A concept that kept coming to mind while watching Felix Barrett’s interview is the role that space plays in how “immersive” a game ends up becoming. These Punchdrunk productions, like “Sleep No More,” aim to, as Felix puts it in the interview, place audience members “in a real world film.” Although Felix describes how the creators of the game “tried to break all the rules of theatre that [they] could come up with,” uncovering what happens when the structure of theatre is disrupted, structure is still pertinent for the success of these performances. Space is structurally foundational to performance. This reminds me of earlier in the quarter, in our first improv exercise as a class. Our classroom shaped this activity: we were told to split into two groups, navigate the room, and count objects contained in the room. The rules–or the potential breaking of them–were always conditional based upon the space we were in.

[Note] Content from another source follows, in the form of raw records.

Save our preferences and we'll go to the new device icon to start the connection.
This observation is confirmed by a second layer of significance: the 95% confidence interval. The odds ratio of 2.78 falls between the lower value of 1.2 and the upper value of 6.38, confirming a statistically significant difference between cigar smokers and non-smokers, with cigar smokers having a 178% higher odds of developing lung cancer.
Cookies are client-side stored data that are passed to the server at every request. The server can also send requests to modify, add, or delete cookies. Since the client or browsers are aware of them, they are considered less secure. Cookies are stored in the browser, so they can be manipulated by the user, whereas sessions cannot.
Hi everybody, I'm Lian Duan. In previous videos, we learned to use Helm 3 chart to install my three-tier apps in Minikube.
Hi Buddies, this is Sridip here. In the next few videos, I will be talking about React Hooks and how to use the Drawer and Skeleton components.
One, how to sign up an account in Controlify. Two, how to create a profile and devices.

One example of how place is inextricably linked to an immersive experience is in Felix’s description of the McKittrick Hotel in New York City as a “building [that] was versatile enough” to allow for an inherently sensory experience. Without a venue like this one–where players/audience members/performers can eat, play, and even sleep–the sensory and tactile elements that are intrinsic to the production cannot be fully explored. Felix even zooms out further, admitting how the pace of NYC itself is suitable for a performance such as “Sleep No More.” As he aptly puts it, “New Yorkers [snaps] are in,” ready to dive into the individual, performance-rich elements of the production. In a way, this can also be seen as a form of collective effervescence: spaces like NYC and the McKittrick Hotel, contrary to London, as is mentioned in the interview, elevate the experience overall.

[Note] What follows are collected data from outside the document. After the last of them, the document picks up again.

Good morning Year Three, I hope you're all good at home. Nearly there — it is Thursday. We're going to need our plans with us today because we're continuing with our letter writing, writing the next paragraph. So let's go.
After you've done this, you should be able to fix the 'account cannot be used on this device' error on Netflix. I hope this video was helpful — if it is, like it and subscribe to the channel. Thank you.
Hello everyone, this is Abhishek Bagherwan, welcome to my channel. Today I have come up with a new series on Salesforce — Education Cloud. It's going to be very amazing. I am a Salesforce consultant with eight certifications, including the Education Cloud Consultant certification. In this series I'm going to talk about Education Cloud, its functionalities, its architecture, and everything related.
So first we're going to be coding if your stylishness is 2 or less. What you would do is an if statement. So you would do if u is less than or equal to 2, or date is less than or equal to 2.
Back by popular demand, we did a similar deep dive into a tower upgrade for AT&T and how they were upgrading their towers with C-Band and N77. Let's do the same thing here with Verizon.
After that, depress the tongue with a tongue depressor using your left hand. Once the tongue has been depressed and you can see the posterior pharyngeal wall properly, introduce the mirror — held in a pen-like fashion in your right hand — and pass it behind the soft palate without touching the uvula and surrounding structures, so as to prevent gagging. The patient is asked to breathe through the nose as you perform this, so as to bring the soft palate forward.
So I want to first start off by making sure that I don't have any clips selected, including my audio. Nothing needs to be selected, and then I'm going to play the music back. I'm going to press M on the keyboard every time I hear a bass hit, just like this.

In thinking about space and performance and how the two can be incorporated into the alternate reality games we are designing in class, I think about the way that performative elements can enhance participation and investment in these games. As demonstrated by the netprov “Grace, Wit and Charm,” theatricality does not have to be the main element of a game, but can still be incorporated into alternate reality games to reach out to a broader audience. All alternate reality games are narratively based, and as such theatre easily molds to the core of the game: its story. In creating a story that is lovable, the game is also more replicable. As is mentioned, too, in Felix’s interview, “Sleep No More” is a replayable game, as the interviewer claims she has gone three times and is still uncovering new details each time.
To summarize, by entangling stories with specific places and spaces, alternate reality games can really grasp the player and thrust them into the real world, which in turn further pushes them into the game. Though transmedia is a good tool to spur players on, by paying particular attention to the spaces that puppet masters place their players in, these games can have a more resonant– maybe even more emotional and memorable–effect on the player.